* _Work required_
Could you transcribe every record below exactly, leaving out the pictures?

[Short text fragments from websites]
════

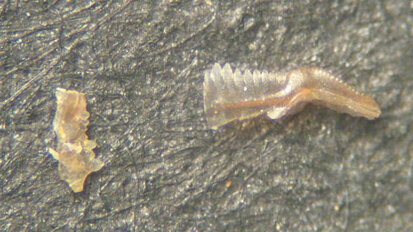 Pesquisa em fósseis pode revelar a origem dos dentes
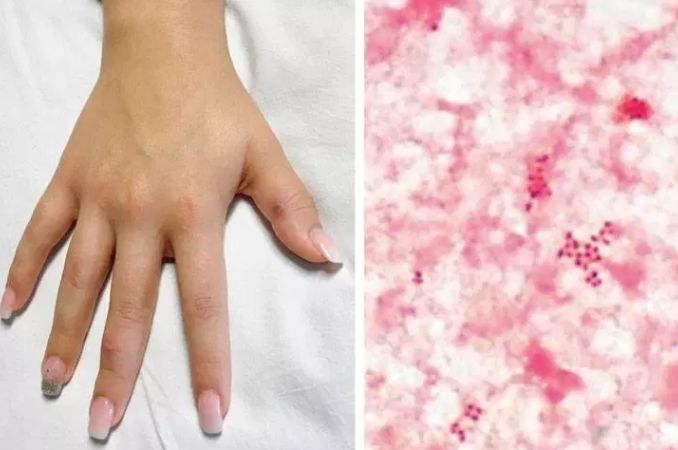 约炮软件流行加拿大某省性病大爆发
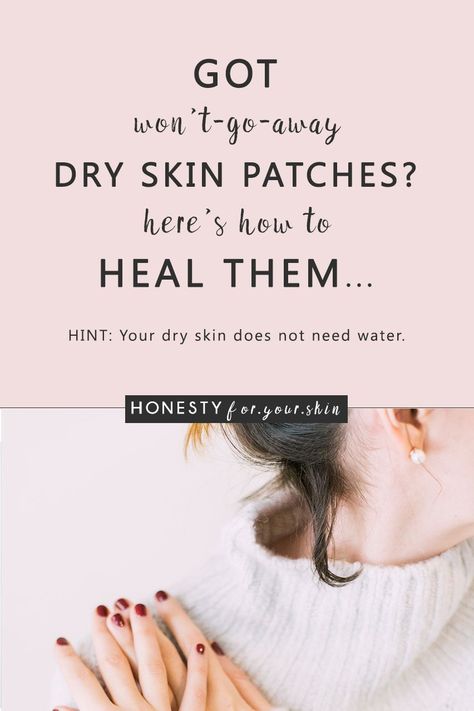 Dry skin patches are oh so irritating... especially when they happen on your face. They look flaky, red and can be sensitive. They can suck your confidence. Clump your foundation. Be painful, itchy and ageing. Dry skin patches are a sign your skin health is low. Do nothing and your dry skin patches will get worse. Choose to take action and your skin health battery can be happily topped back to full. Want to know how? Come learn all my friend... Flaky Skin On Face, Patchy Skin, Dry Flaky Skin, Dry Skin On Face, Skin Balm, Dry Skin Remedies, Skin Patches, Dry Skin Patches, Dry Face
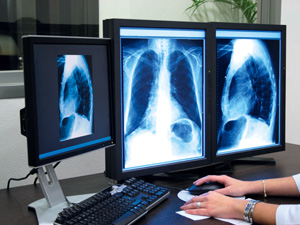 Akciğer röntgeninin sonuçları üç monitörde gösteriliyor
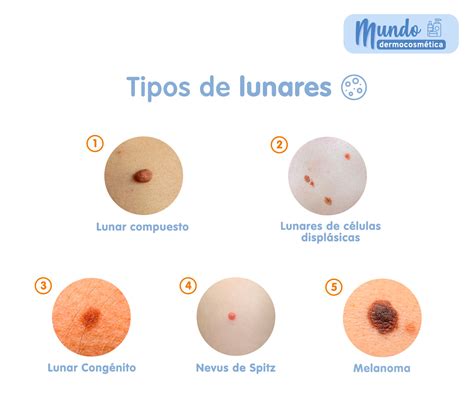 Ejemplos De Lunares Cancerosos
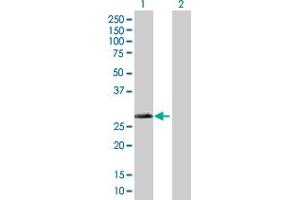 Image no. 1 for anti-Dehydrogenase/reductase (SDR Family) Member 4 (DHRS4) (AA 1-278) antibody (ABIN524308)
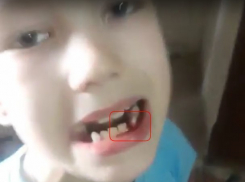  Настоящий хоккеист вырвал зуб ударом по шайбе в Краснодаре 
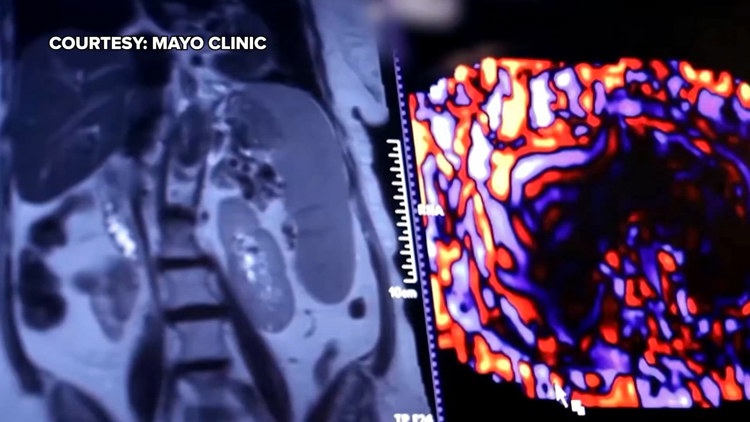 Healthy SA: Battling liver cancer, a disease which often has no symptoms early on — KENS 5 (San Antonio), Valley City Health news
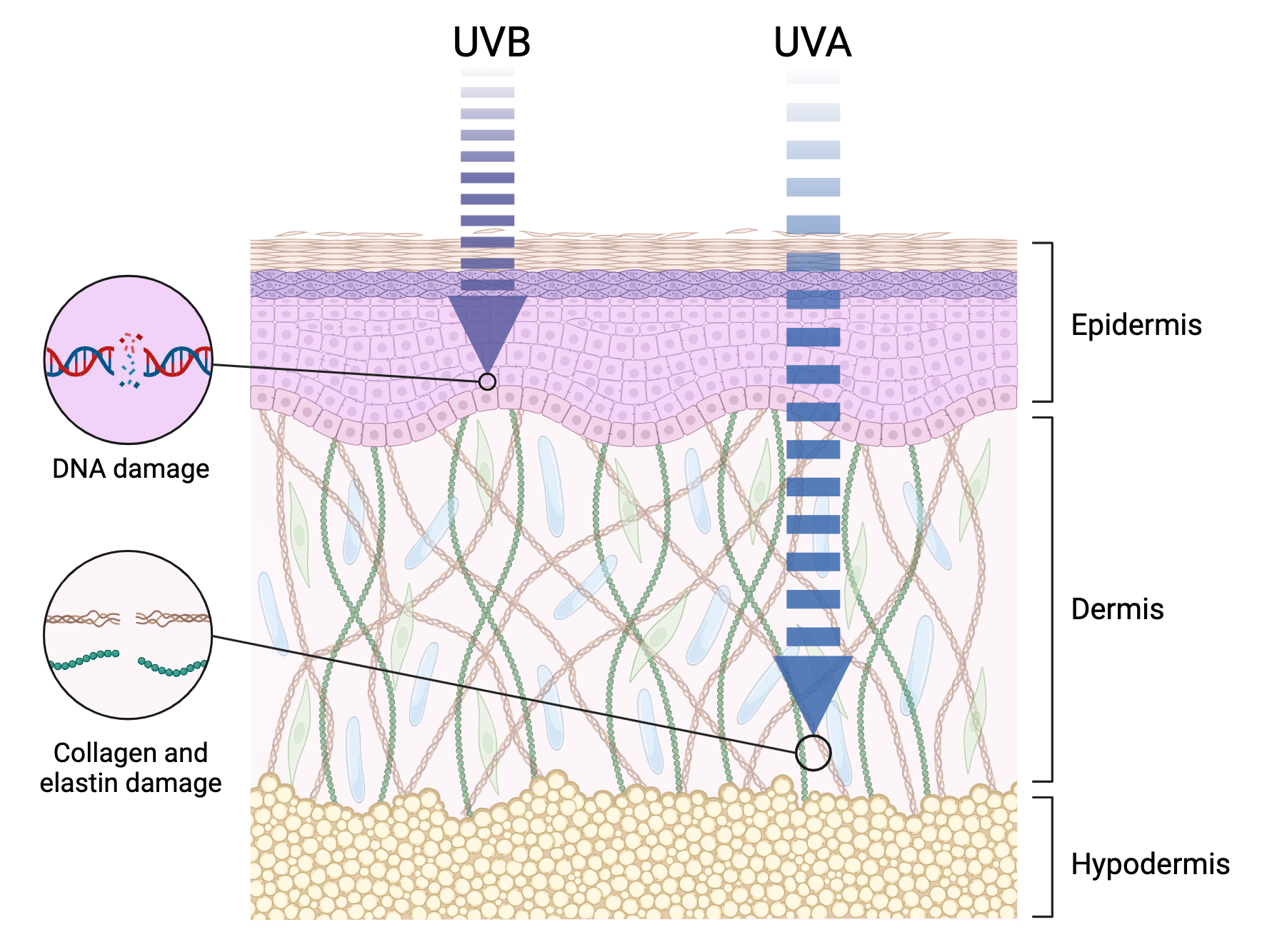 UV damage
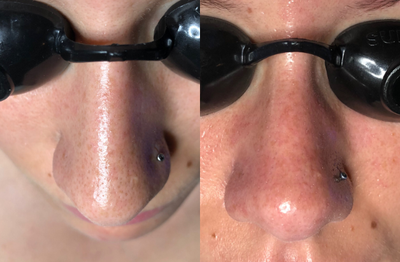 HydraFacial before and after photo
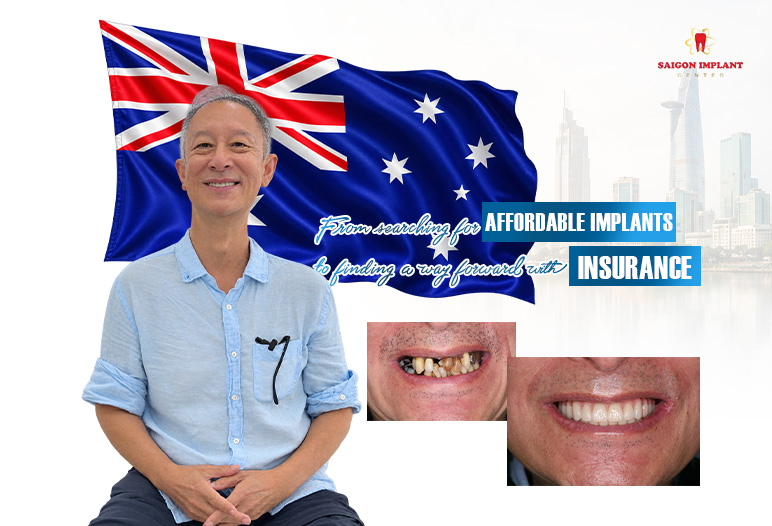 all on 6 implants review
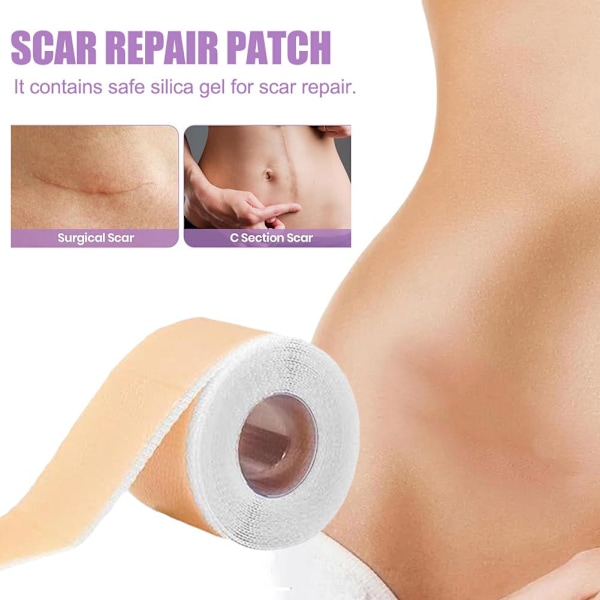 Hyperplasi Sektion Reparationsplåster Silikongel Osynlig Graviditet 4*30cm 1pcs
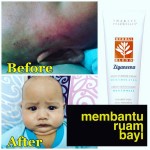 Shaklee Bertam :Testimoni Herbalblend Untuk Ruam Bayi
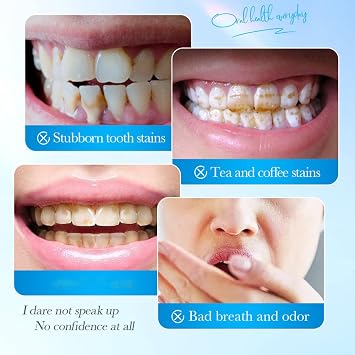 Probiotic Toothpaste, Natural Toothpaste for Sensitive Teeth, Travel-Friendly Mint Toothpaste for Teeth, Cleaning Stain Removal, Protects Gums, Promotes Good Condition Teeth (3)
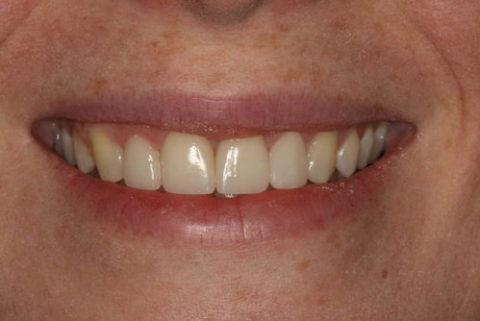 before and after traditional braces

════

* _Result of this task_
 Pesquisa em fósseis pode revelar a origem dos dentes
 约炮软件流行加拿大某省性病大爆发
 Dry skin patches are oh so irritating... especially when they happen on your face. They look flaky, red and can be sensitive. They can suck your confidence. Clump your foundation. Be painful, itchy and ageing. Dry skin patches are a sign your skin health is low. Do nothing and your dry skin patches will get worse. Choose to take action and your skin health battery can be happily topped back to full. Want to know how? Come learn all my friend... Flaky Skin On Face, Patchy Skin, Dry Flaky Skin, Dry Skin On Face, Skin Balm, Dry Skin Remedies, Skin Patches, Dry Skin Patches, Dry Face
 Akciğer röntgeninin sonuçları üç monitörde gösteriliyor
 Ejemplos De Lunares Cancerosos
 Image no. 1 for anti-Dehydrogenase/reductase (SDR Family) Member 4 (DHRS4) (AA 1-278) antibody (ABIN524308)
  Настоящий хоккеист вырвал зуб ударом по шайбе в Краснодаре 
 Healthy SA: Battling liver cancer, a disease which often has no symptoms early on — KENS 5 (San Antonio), Valley City Health news
 UV damage
 HydraFacial before and after photo
 all on 6 implants review
 Hyperplasi Sektion Reparationsplåster Silikongel Osynlig Graviditet 4*30cm 1pcs
 Shaklee Bertam :Testimoni Herbalblend Untuk Ruam Bayi
 Probiotic Toothpaste, Natural Toothpaste for Sensitive Teeth, Travel-Friendly Mint Toothpaste for Teeth, Cleaning Stain Removal, Protects Gums, Promotes Good Condition Teeth (3)
 before and after traditional braces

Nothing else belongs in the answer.